Planning an experimental, multidisciplinary studio in Togo and developing his contemporary African dance method (“the Legs of the Chameleon”) are the direct result of Sanouvi's year in Brussels in 2007 as the protégé of Anne Teresa De Keersmaeker.
His creative process, which combines contemporary Western dance with an African identity, sparked the interest of the Dutch Doen Foundation that promotes sustainable projects in the arts. Following an invitation to a meeting in Dakar, in Senegal, Sanouvi devised his plan for an experimental dance centre in Togo. The centre, named “The Tools of Wisdom”, will be a space for research and reflection on how to innovate and create contemporary work, while strengthening the identity and traditional ways of his native country. “I have a dream,” he says. “I don’t want to see Togolese young people becoming too westernized.”
Sanouvi has lived, since 2008, in Amsterdam, where he set up his dance company, Maahhoum, which divides its time between the Netherlands and Senegal. In April 2011, he ran a contemporary dance course with choreographers from France, the Netherlands, Belgium and the Czech Republic, and, in July, he performed a duet at Amsterdam’s Julidans festival with Miri Lee, a female dancer from South Korea.

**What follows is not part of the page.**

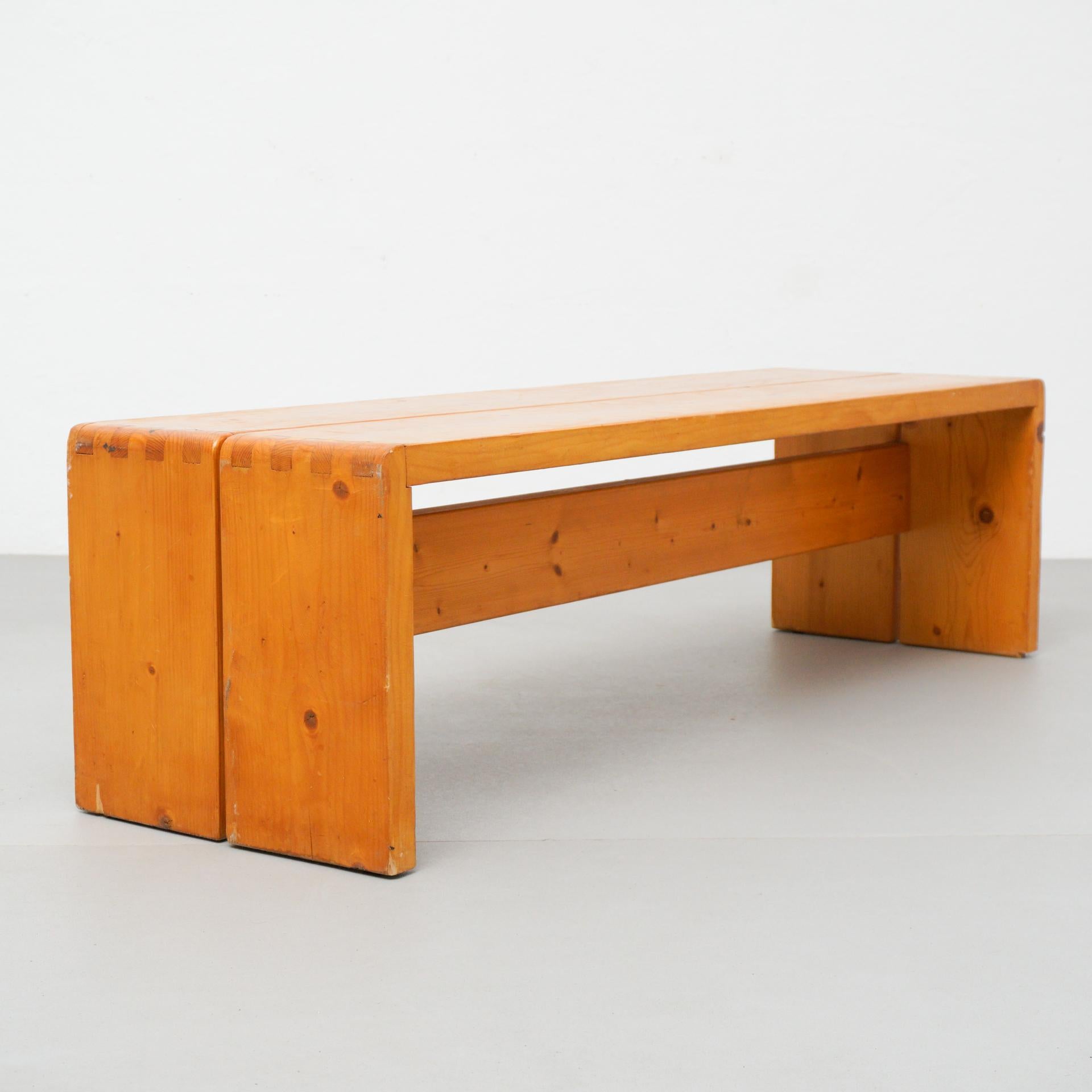 Bench designed by Charlotte Perriand for Les Arcs ski resort, circa 1960, manufactured in France.
Pinewood.

In original condition, with wear consistent with age and use, preserving a beautiful patina.

Charlotte Perriand (1903-1999) She was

Sanouvi’s research work on the media and dance, which he began in 2009 with visual artist Christiane da Cunha, is continuing. He spent January and February 2011 in Brazil to create a performance that was produced by Dansmakers Amsterdam and presented at the Brazil-Amsterdam festival in October. Sanouvi still teaches dance to both professionals and non-professionals, as well as to children, at workshops in Europe, Africa and the Middle East.